What is expected
These records contain pictures, which must be left out; copy exactly the lines from the one with "岷县岷县无硫当归一棵树切片" up to and including the one with "Extinct Black Wolf Seen in Panna".

Raw data
****

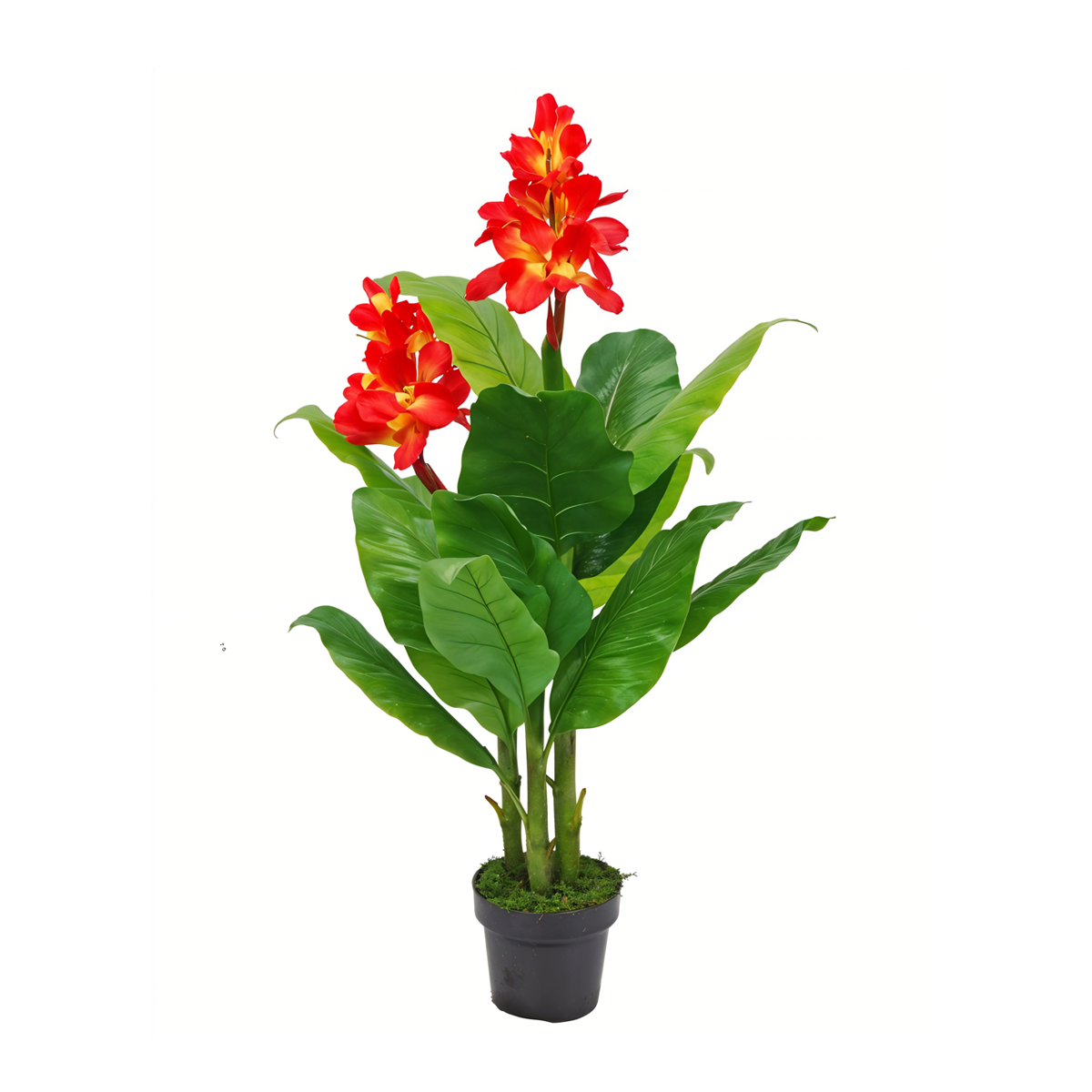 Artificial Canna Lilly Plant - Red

****

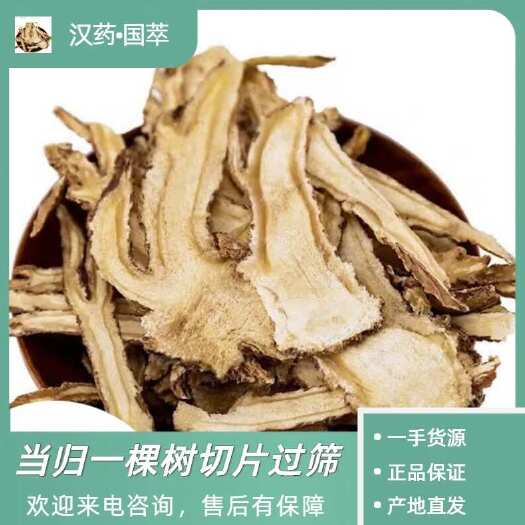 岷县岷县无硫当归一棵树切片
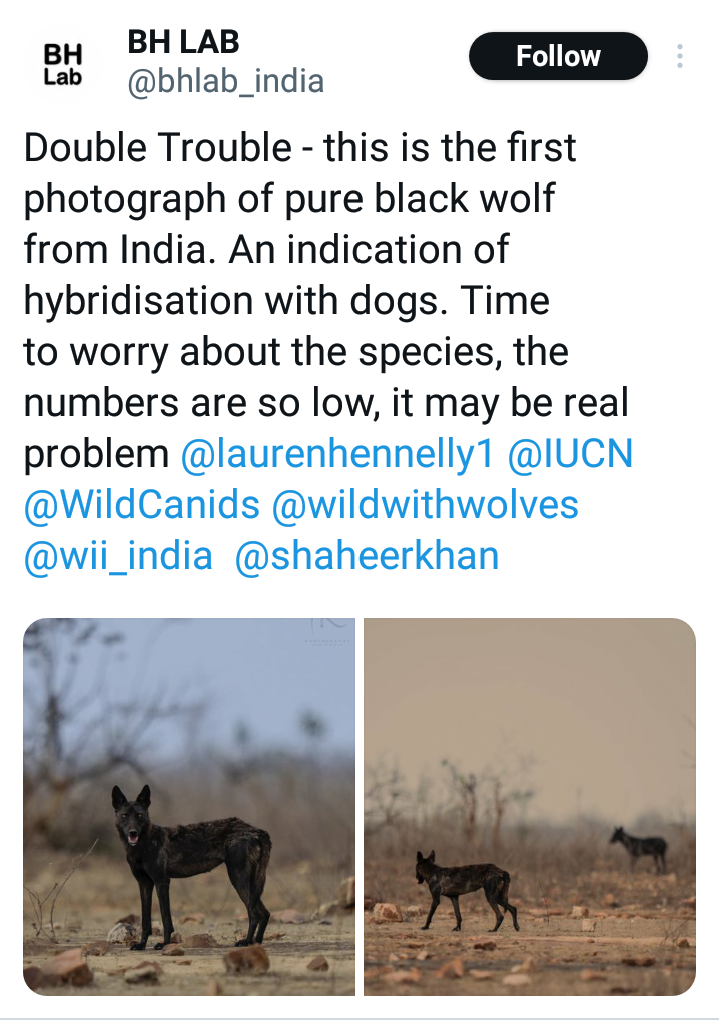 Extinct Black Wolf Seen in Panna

****

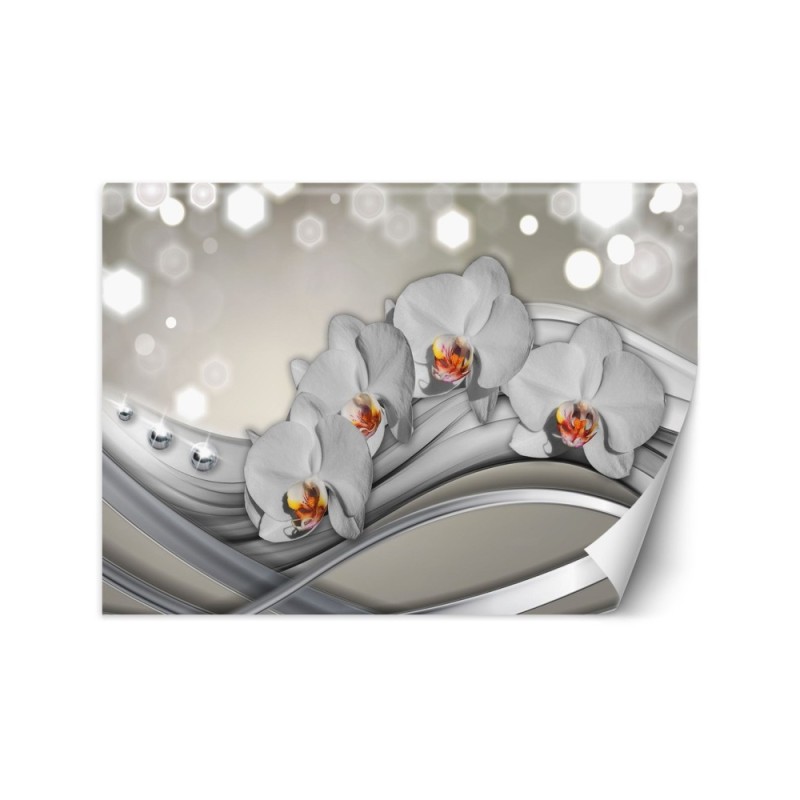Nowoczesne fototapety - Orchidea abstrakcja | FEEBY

****

Your solution
 岷县岷县无硫当归一棵树切片
 Extinct Black Wolf Seen in Panna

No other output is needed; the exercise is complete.